Un clipper (ou klipper)[1] est un bateau à voile à trois mâts ou plus, caractéristique de la deuxième moitié du XIXe siècle et du début du XXe siècle, fait pour convoyer le plus vite possible des denrées périssables, grâce à une voilure importante[2] et une coque effilée en bois ou en acier[3].

Créés sur la côte est américaine, les clippers furent à leur apogée au milieu du XIXe siècle sur les routes commerciales du thé et du coton de l'Empire britannique et sur la liaison, via le Cap Horn, entre New York et San Francisco au moment de la ruée vers l'or.

Les clippers ont un gréement variable réparti sur trois mâts ou plus à phare carrés ou voiles auriques. C'est la forme générale, élancée à nombreuses voiles, et sa capacité à transporter rapidement une cargaison commerciale qui définit le terme "Clipper"[2]. Toutefois, les clippers, comme nombre de bateaux de commerce de l'époque, sont généralement des quatre ou trois-mâts carrés, ou des quatre ou trois-mâts barques (des voiles carrées sur le mat de misaine et le grand mât, et des voiles auriques sur le mât d’artimon).

Étymologie[modifier | modifier le code]

Le terme clipper vient du verbe anglais to clip pris dans l'acception de « filer à vive allure » (le substantif anglais clip ayant le sens de « vitesse », comme dans going at a good clip). Il apparaît en France au début du XIXe siècle.

Contexte d'une évolution technique[modifier | modifier le code]

Les clippers sont nés aux États-Unis d'Amérique, où le commerce était totalement libre-échangiste, afin de transporter rapidement des passagers et des marchandises à haute valeur ajoutée.

La marine marchande britannique et en particulier la Compagnie des Indes Orientales, qui bénéficiait d'un monopole royal, utilisait des navires beaucoup plus lents, aux formes guère différentes des navires des XVIIe et XVIIIe siècles, les East Indiamen. Ces navires à l'aspect pataud étaient conçus pour pouvoir se défendre sur des eaux peu sûres (pirates et corsaires des guerres napoléoniennes), ils étaient donc larges, massifs et portaient une batterie de canons dans l'entrepont. Le cas échéant, ils pouvaient être reconvertis en navires de guerre.

Une conjonction de facteurs : concurrence des vapeurs, découverte de mines d'or en Californie et en Australie (ruée vers l'or), introduction par les Anglais de l'opium en Chine, créa une demande pour des navires plus rapides, qui n'avaient plus à être armés.

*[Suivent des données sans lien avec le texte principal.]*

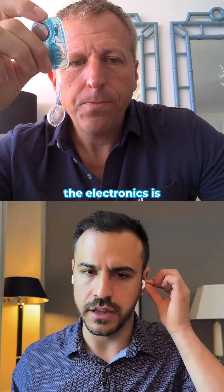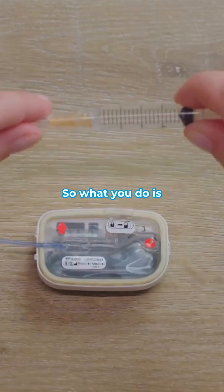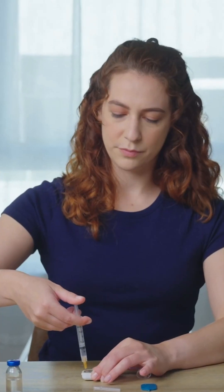The electronics piece is more of an outer shell that goes over the cartridge. What you do is take the syringe, which we provide with the kit, and use it to fill up the 3 ml reservoir inside the cartridge.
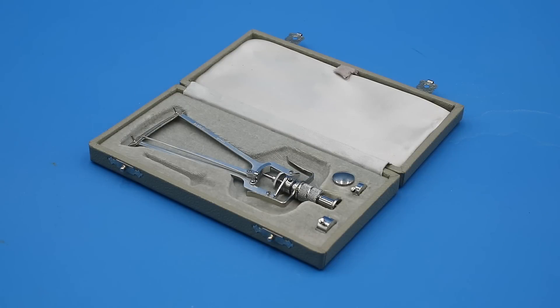Hello everyone and welcome to another mystery object answer video on our own devices. I'm Jean Messier and yesterday I showed you this object which I said was a medical instrument used for probing a particularly sensitive part of the human body. Hopefully most of you guessed that that body part was the eyeball.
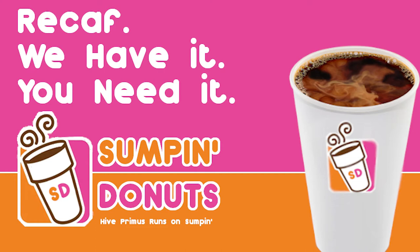This episode is brought to you by Sumpin' Donuts. Recaf — we have it, you need it. Sumpin' Donuts. High Primus runs on Sumpin'.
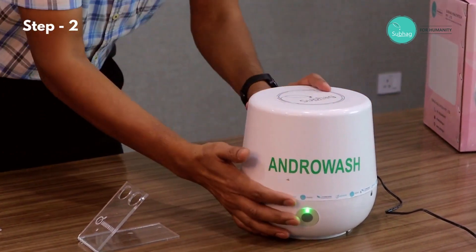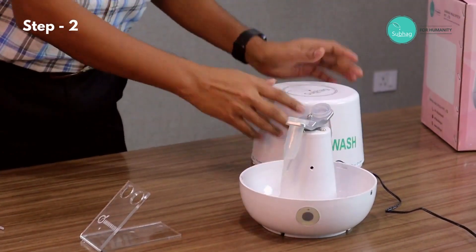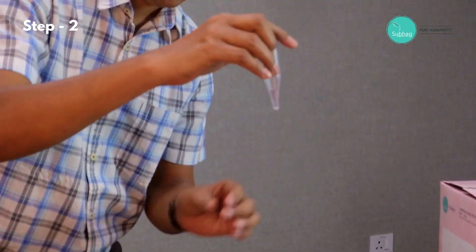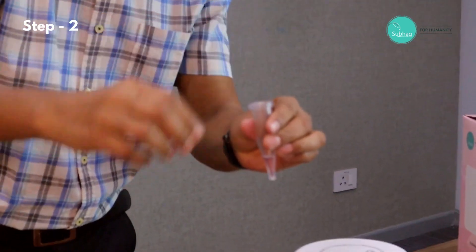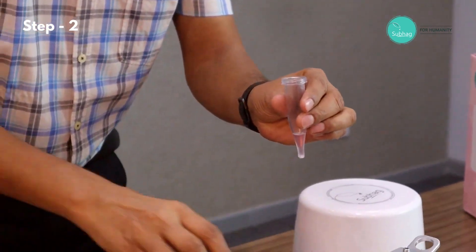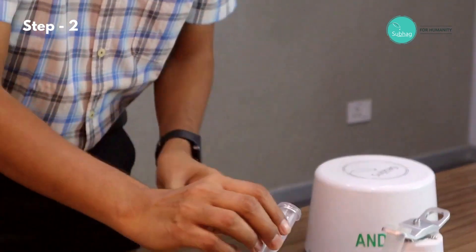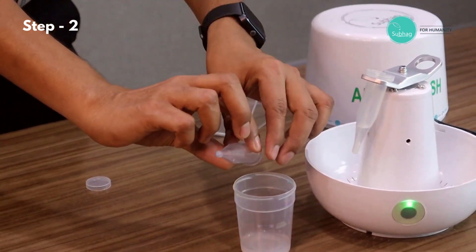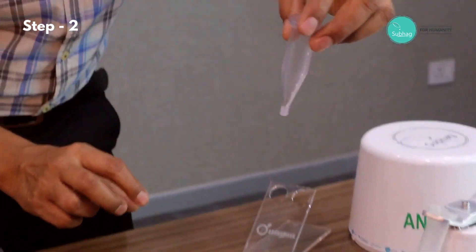We remove the cap and take the tube with the semen sample. Now we simply discard the supernatant by tilting the tube, and we discard it.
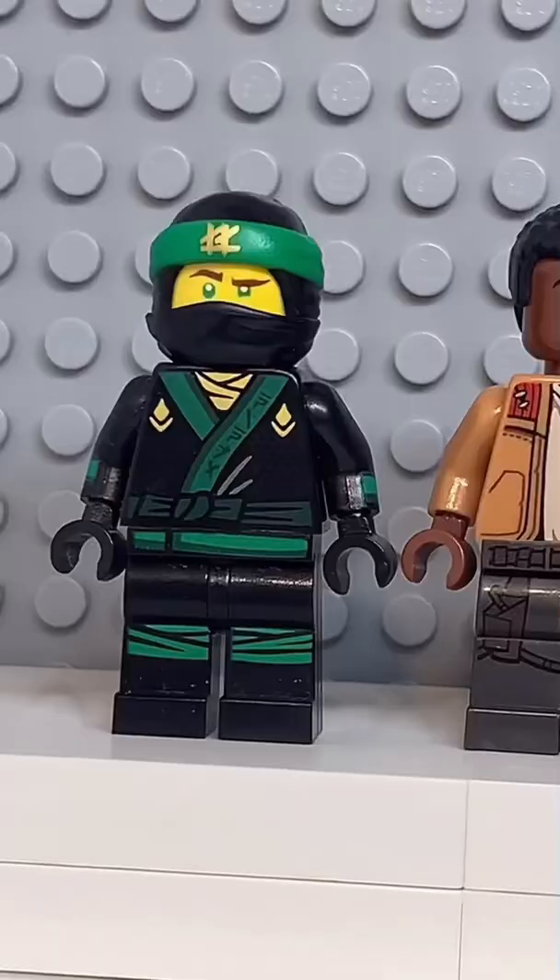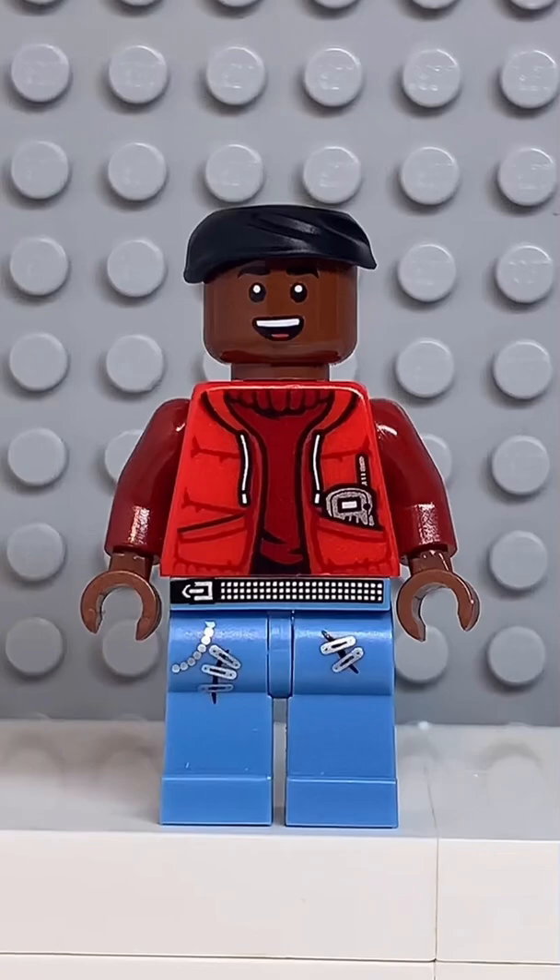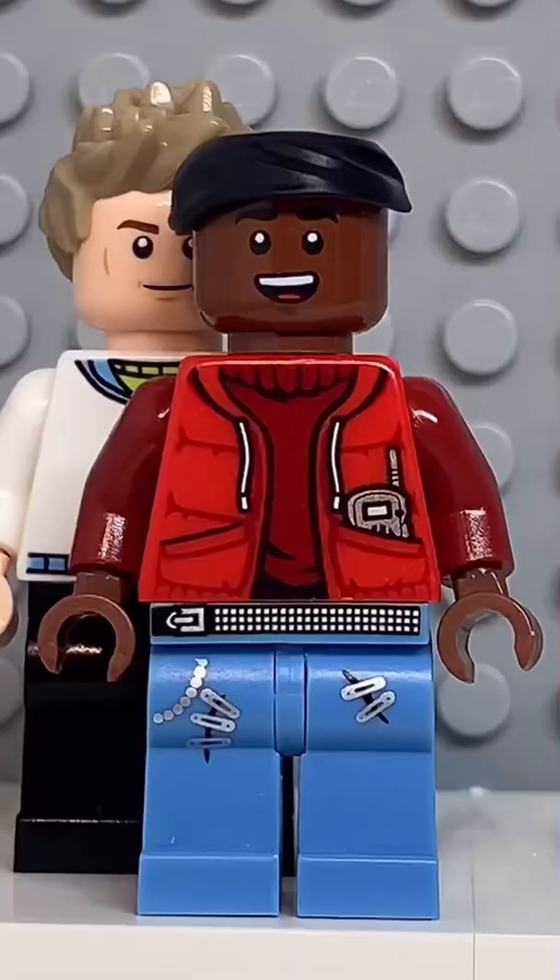And now that we have all the pieces, let's make this minifig. And here we have my Lego KSI — for an accessory I gave him a scimitar. If you enjoyed this video, don't forget to like and follow for more.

Les chantiers navals américains (en particulier celui du Bostonien Donald Mc Kay (en)) construisirent alors des navires aux formes fines et étroites, dépourvus d'armement défensif, et équipés d'un « gros moteur », c'est-à-dire d'une énorme voilure.

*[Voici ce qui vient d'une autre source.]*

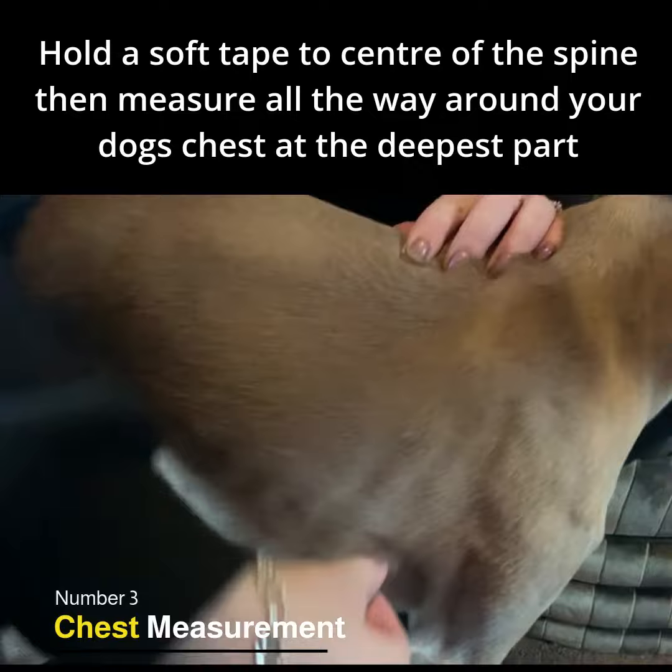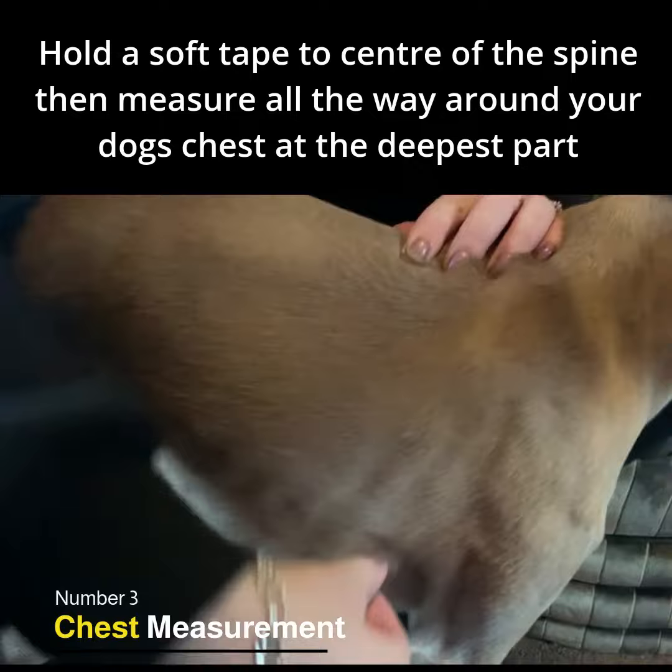The chest measurement. Take a soft tape and measure the full circumference of your dog's chest at the deepest part. This is the measurement you need to give. No need to add any extra as we take care of that.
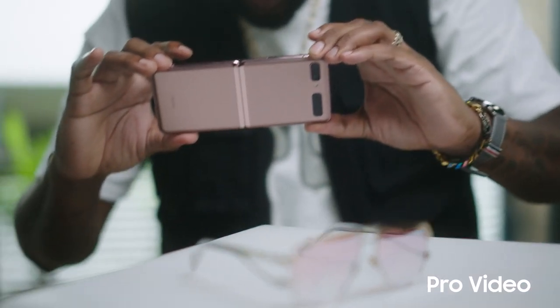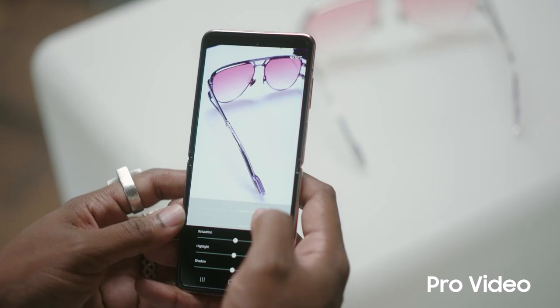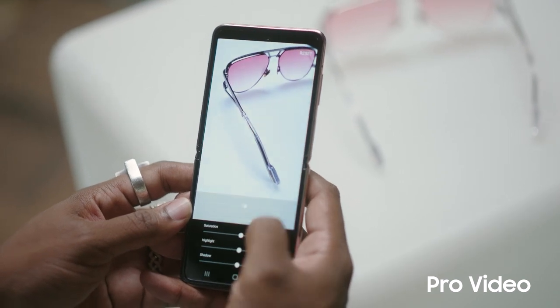Hey, I'm Lance Fresh, and let me show you how I get professional-level video using the Pro Video feature on my Galaxy Z Flip 5G. I like to have control over all aspects of my media when I'm shooting. It's like adding that personal Lance Fresh signature to everyone.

Pour permettre les réductions de voilure en équipage réduit, les huniers et les perroquets furent dédoublés (hunier fixe et hunier volant), les cacatois, ordinairement le dernier étage de voilure des navires à phares carrés, étaient parfois surmontés de contre-cacatois (appelés en anglais moonsail, moonraker, skysail) utilisables seulement par petit temps.

Aux allures portantes, la voilure pouvait être également augmentée dans le sens latéral en utilisant des bonnettes, installées sur des tangons prolongeant les vergues, le tout donnant l'aspect d'un « nuage de voiles volant sur la mer ».

Un gréement aussi complexe et puissant était très exigeant quant à la manœuvre, nécessitant de fréquents (et dangereux) ajustements pour marcher au maximum sans « casser du bois ».

Les équipages américains étaient donc menés à la dure, comme en témoigne le folklore et les chansons de bord liées à la fameuse compagnie Black Ball Line et le témoignage de l'écrivain américain Richard Dana.

Les clippers américains de la ruée vers l'or étaient construits pour aller vite et non pas pour durer (utilisation de bois blancs) et bon nombre d'entre eux étaient abandonnés dès leur arrivée en Californie. Comme en témoignent des photos prises en 1849-1850 à San Francisco, la pénurie de main d'œuvre qualifiée poussa au développement de la pratique du shangaïage.

La marine marchande britannique, après l'abrogation des lois protectionnistes et du monopole de l'East India Company se lança aussi dans la construction de clippers pour les destinations lointaines (laines et blés d'Australie, thés de Chine et de Ceylan, opium, produits coloniaux des Indes) inaccessibles aux vapeurs de l'époque, trop gros consommateurs de charbon.

Contrairement aux clippers américains, les navires anglais étaient conçus pour durer : charpente interne en chêne, puis en fer (construction composite), bordage en teck de Birmanie. C'est cette robustesse qui a permis au Cutty Sark de parvenir jusqu'à notre époque.

L'ouverture du Canal de Suez, impraticable pour les purs voiliers, le perfectionnement des machines à vapeur (invention du condenseur) sonnèrent le glas de l'ère des clippers.

Après 1870, les voiliers, construits en fer, puis en acier, se cantonnèrent aux routes très lointaines, dépourvues de dépôts de charbon (nitrates du Chili, bois d'Orégon, laine d'Australie, nickel de Nouvelle-Calédonie), mais ces navires, conçus pour la charge utile et l'économie, n'avaient plus l'élégance des clippers[4].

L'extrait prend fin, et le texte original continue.